→ Task goal
Copy out the listing below exactly, please, and skip any pictures.

→ Given information

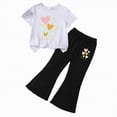 thumbnail image 4 of HCNTES Children Girls' Clothing Sets Kids Girls Fashion Short Sleeve Crew Neck Tops Wide Leg Pants Sweatsuit with Pocket Little Girls Summer School Clothing Set(D01-I,2-3 Years), 4 of 4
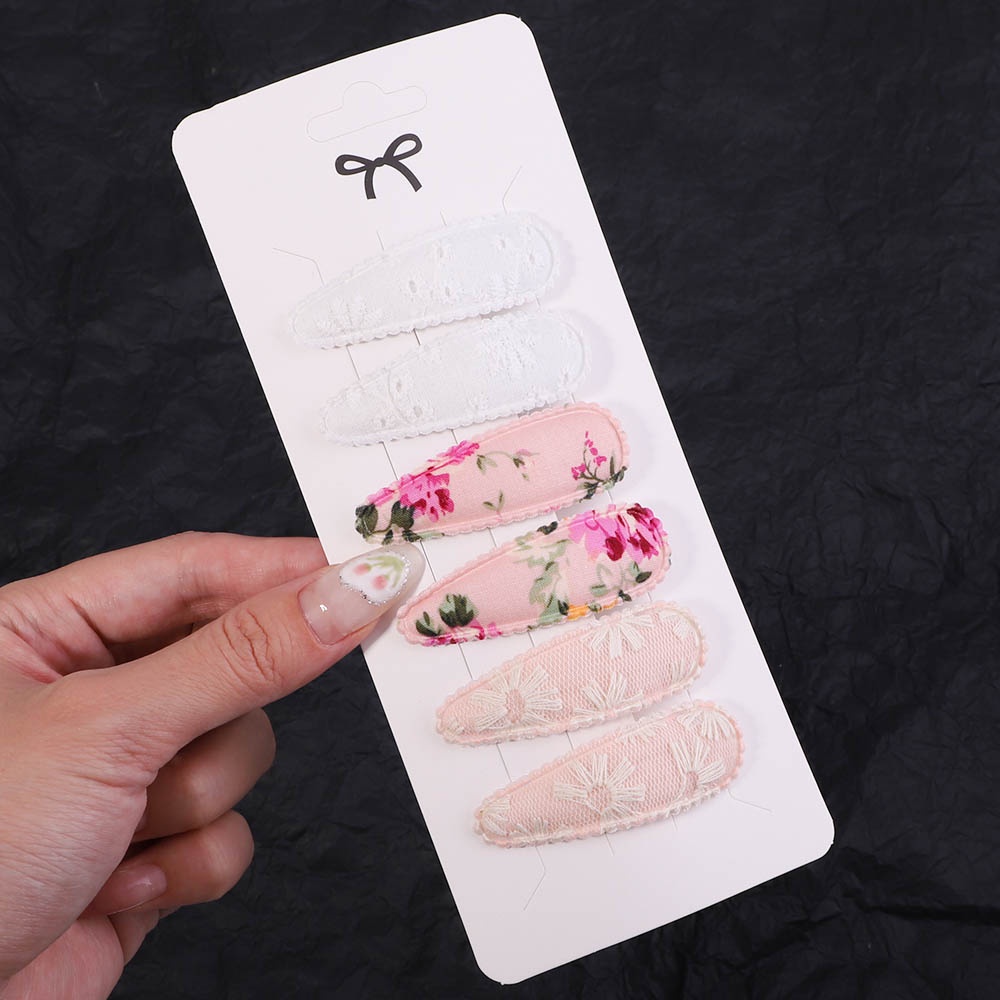 Set 6 Kẹp tóc KIDSBOWS thêu hình giọt nước đáng yêu xinh xắn cho bé gái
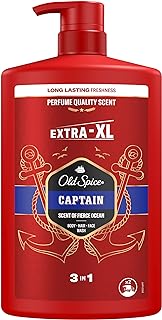 Old Spice Captain Shower Gel Men 1000ml, 3-in-1 Mens Shampoo Body-Hair-Face Wash, Long-lasting Fresh VALUE PACK 1L With Pump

→ Response
 thumbnail image 4 of HCNTES Children Girls' Clothing Sets Kids Girls Fashion Short Sleeve Crew Neck Tops Wide Leg Pants Sweatsuit with Pocket Little Girls Summer School Clothing Set(D01-I,2-3 Years), 4 of 4
 Set 6 Kẹp tóc KIDSBOWS thêu hình giọt nước đáng yêu xinh xắn cho bé gái
 Old Spice Captain Shower Gel Men 1000ml, 3-in-1 Mens Shampoo Body-Hair-Face Wash, Long-lasting Fresh VALUE PACK 1L With Pump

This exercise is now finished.